Data extract

▼

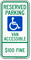 North Dakota Reserved Parking, Van Accessible Sign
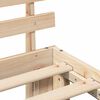 vidaXL Konstrukcija postelje Naravna 75 x 190 cm Masivno borovo les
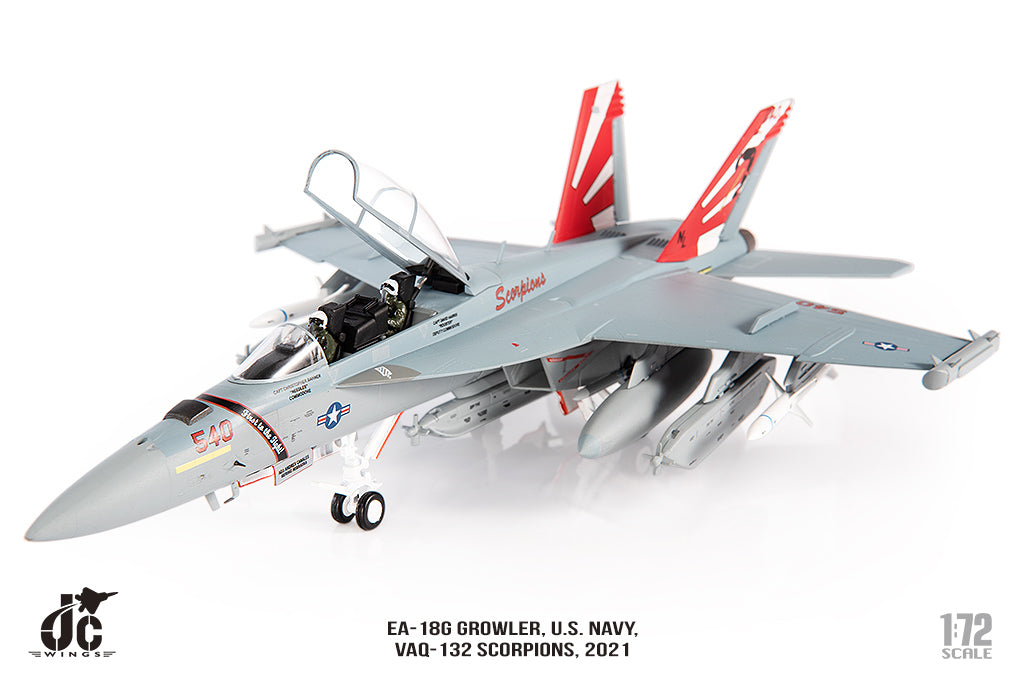 JC WINGS EA-18G GROWLER U.S. NAVY VAQ-132 SCORPIONS 2021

▲

Try it
All the lines above are to be given again exactly as they read, with the pictures removed.

Exercise result
 North Dakota Reserved Parking, Van Accessible Sign
 vidaXL Konstrukcija postelje Naravna 75 x 190 cm Masivno borovo les
 JC WINGS EA-18G GROWLER U.S. NAVY VAQ-132 SCORPIONS 2021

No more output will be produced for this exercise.